[SOURCE DATA]:

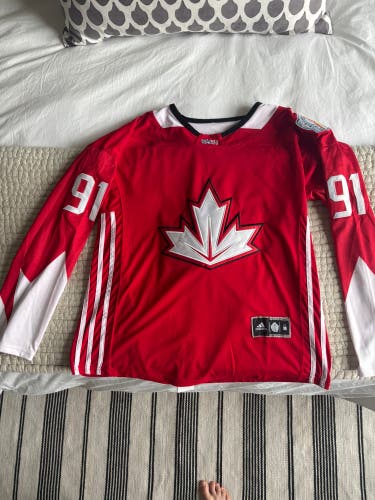 Canada World Cup of Hockey Stamkos #91 Jersey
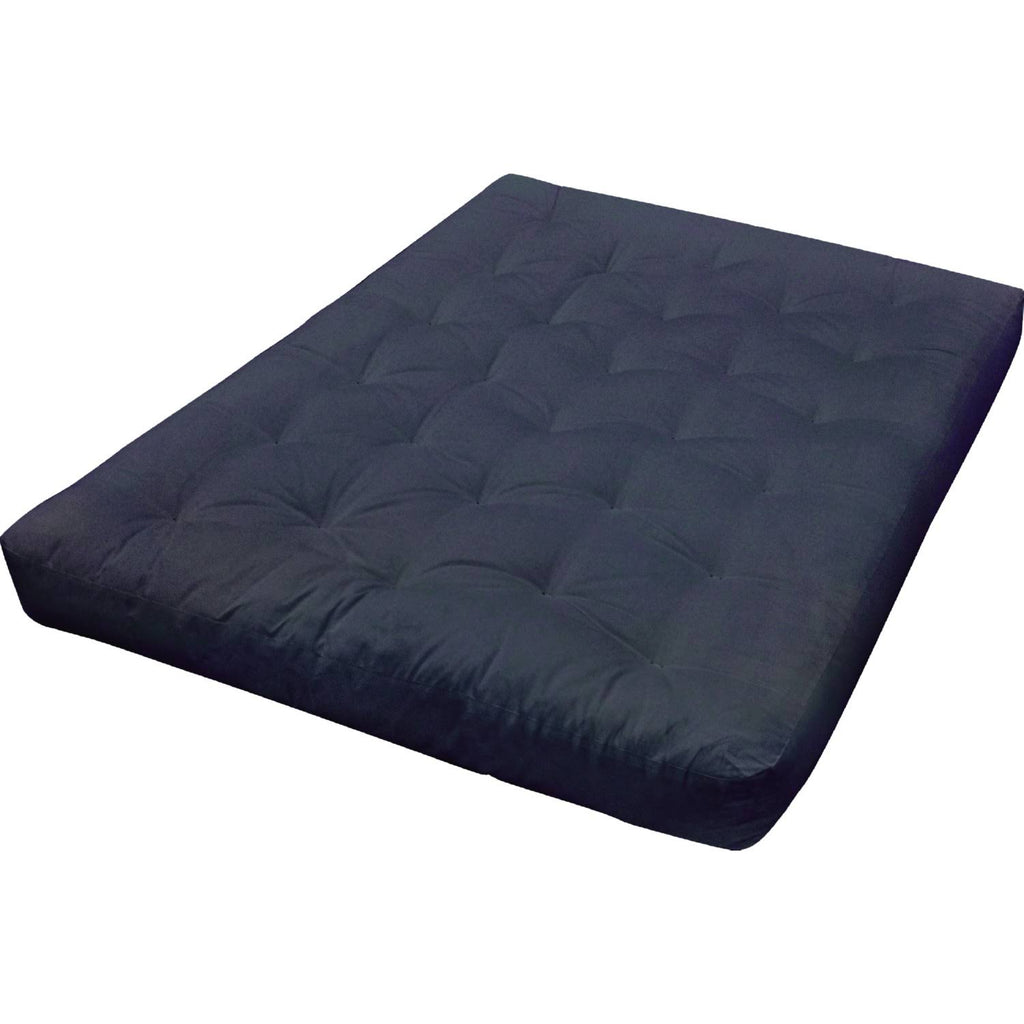 Blue Microfiber Twin XL Futon Mattress C5894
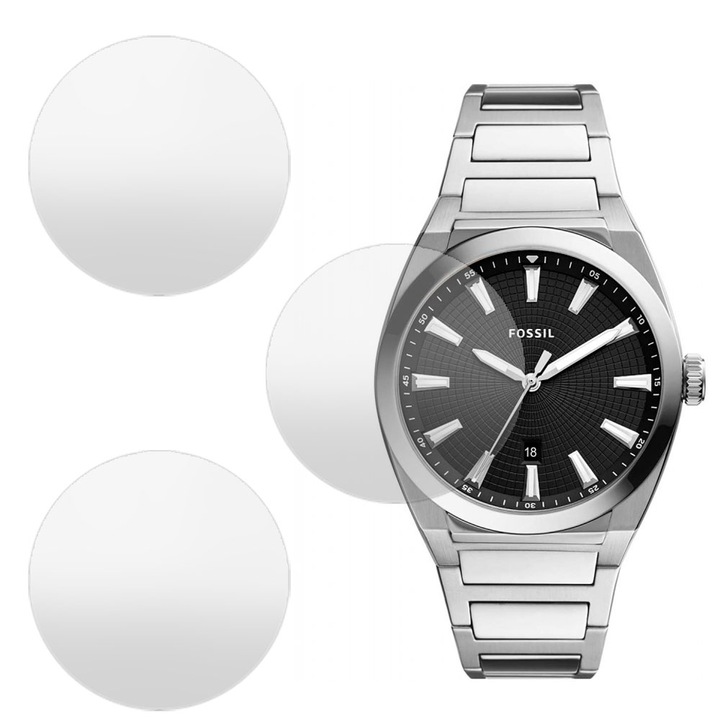 3 db SILKASE matt fólia készlet Fossil FS5821-hez, szilikon, megújuló, teljes kijelzős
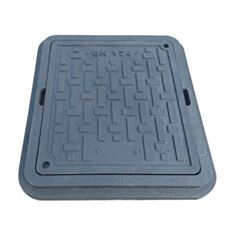 Люк каналізаційний садовий Воюс Тетріс полімерпіщаний 490*540 мм чорний - фото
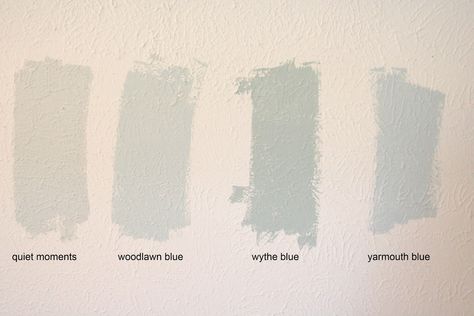 benjamin moore quiet moments | and Benjamin Moore HC-150: Yarmouth Blue Home Gallery Design, Gallery Design Ideas, Quiet Moments Benjamin Moore, Woodlawn Blue, Wythe Blue, Bedroom Remodeling, Guest Bedroom Remodel, Kids Bedroom Remodel, Small Bedroom Remodel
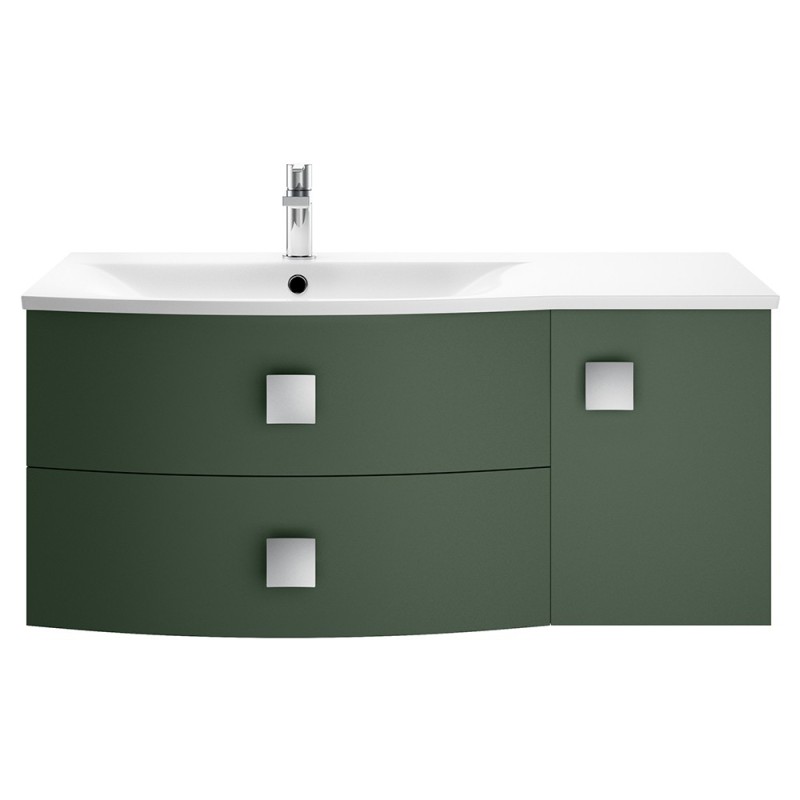 Sarenna 1000mm Wall Hung Double Drawer & Cabinet Vanity Units Sarenna 1000mm Wall Hung Double Drawer & Cabinet Vanity Units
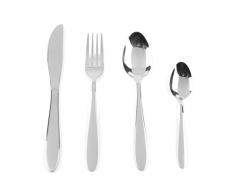PROGRESS BW06529Â Harvard Lucido da Cucina da Pranzo Set Posate, 16Â Pezzi, in Acciaio Inox, 25.6Â x 16Â x 6.5Â cm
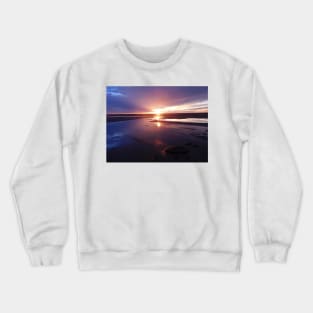 Purple Sunset Road of Light Crewneck Sweatshirt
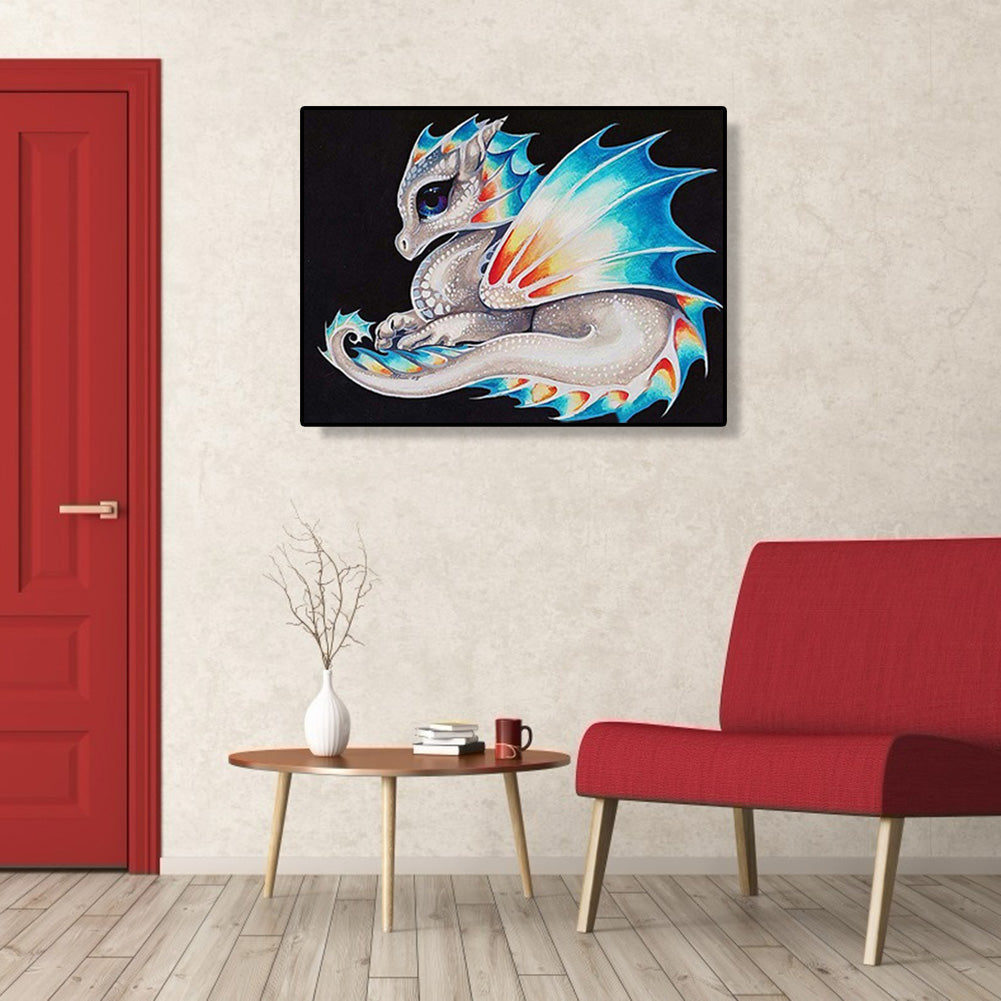 Dragon - Full Round Drill Diamond Painting 30*40CM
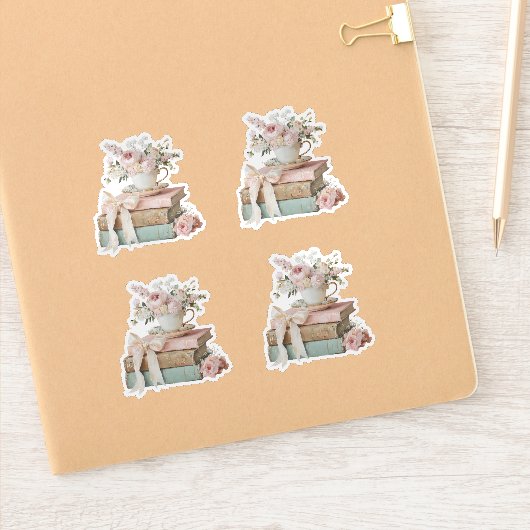 エレガントな花の彼女の次の章の結婚前のお祝い シール (ノートブック)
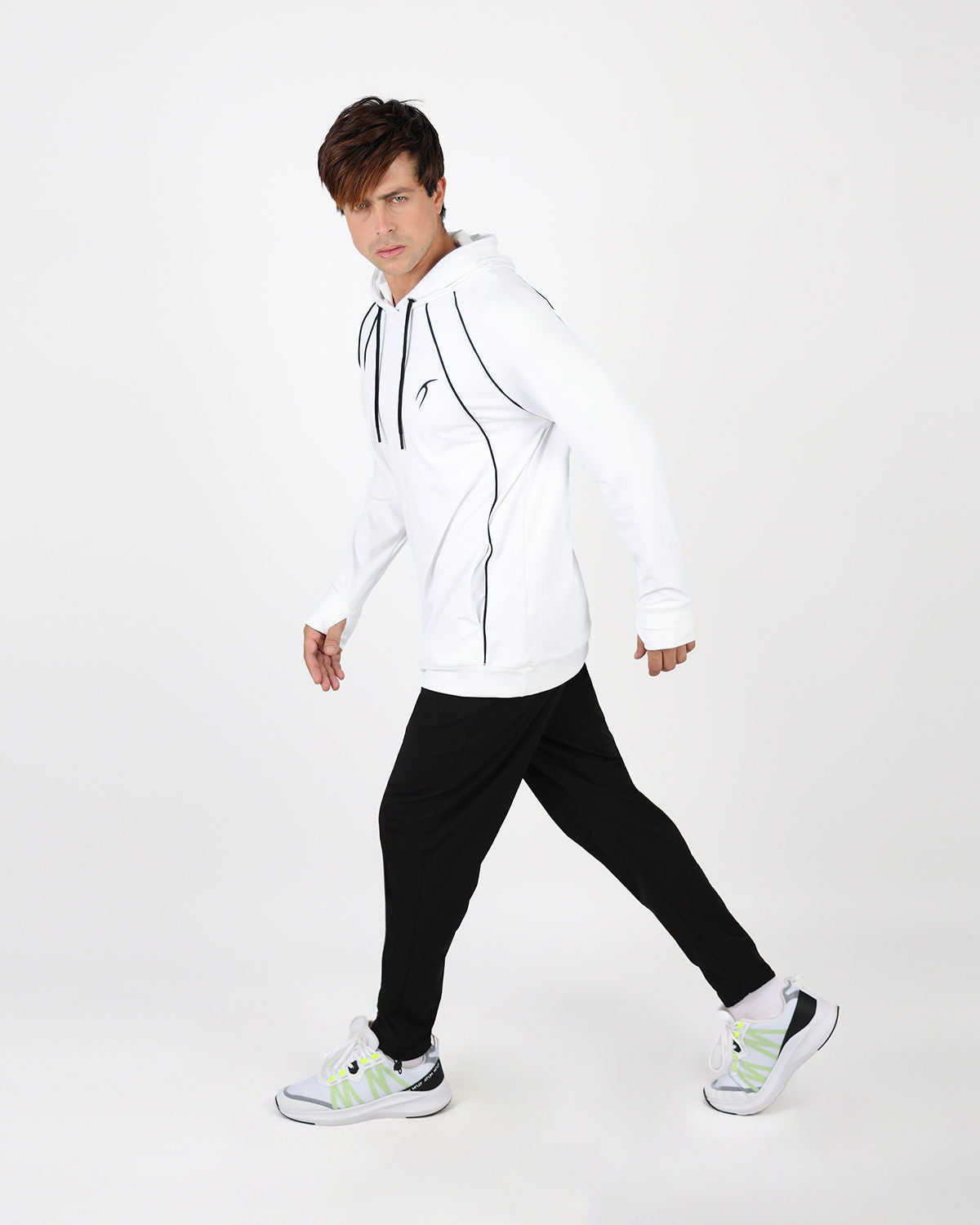 Long-Sleeve Training White Hoodie-Atum -31230016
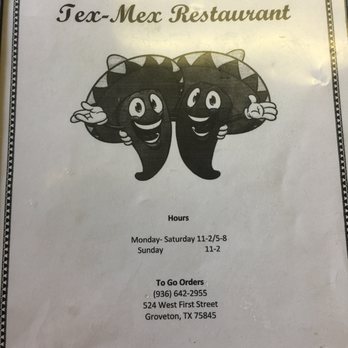Los Jalapenos Mexican Restaurant - menu - Tex-Mex Near Me - Groveton, Texas Los Jalapenos Mexican Restaurant - menu - Tex-Mex Near Me - Groveton, Texas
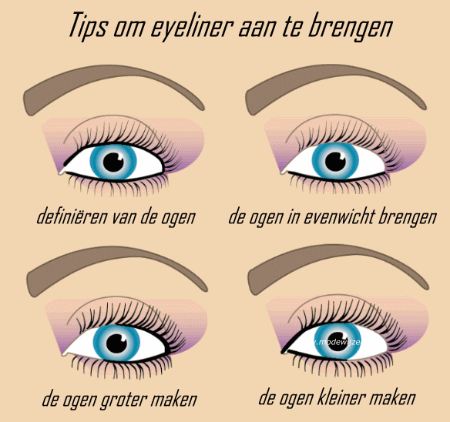 Eyeliner aanbrengen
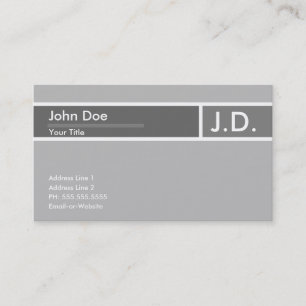 Tarjeta De Visita profesional gris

[WHAT IS EXPECTED]: Set down the records again exactly as they appear, leaving each picture behind.

[THE ANSWER]:
 Canada World Cup of Hockey Stamkos #91 Jersey
 Blue Microfiber Twin XL Futon Mattress C5894
 3 db SILKASE matt fólia készlet Fossil FS5821-hez, szilikon, megújuló, teljes kijelzős
 Люк каналізаційний садовий Воюс Тетріс полімерпіщаний 490*540 мм чорний - фото
 benjamin moore quiet moments | and Benjamin Moore HC-150: Yarmouth Blue Home Gallery Design, Gallery Design Ideas, Quiet Moments Benjamin Moore, Woodlawn Blue, Wythe Blue, Bedroom Remodeling, Guest Bedroom Remodel, Kids Bedroom Remodel, Small Bedroom Remodel
 Sarenna 1000mm Wall Hung Double Drawer & Cabinet Vanity Units Sarenna 1000mm Wall Hung Double Drawer & Cabinet Vanity Units
PROGRESS BW06529Â Harvard Lucido da Cucina da Pranzo Set Posate, 16Â Pezzi, in Acciaio Inox, 25.6Â x 16Â x 6.5Â cm
 Purple Sunset Road of Light Crewneck Sweatshirt
 Dragon - Full Round Drill Diamond Painting 30*40CM
 エレガントな花の彼女の次の章の結婚前のお祝い シール (ノートブック)
 Long-Sleeve Training White Hoodie-Atum -31230016
Los Jalapenos Mexican Restaurant - menu - Tex-Mex Near Me - Groveton, Texas Los Jalapenos Mexican Restaurant - menu - Tex-Mex Near Me - Groveton, Texas
 Eyeliner aanbrengen
 Tarjeta De Visita profesional gris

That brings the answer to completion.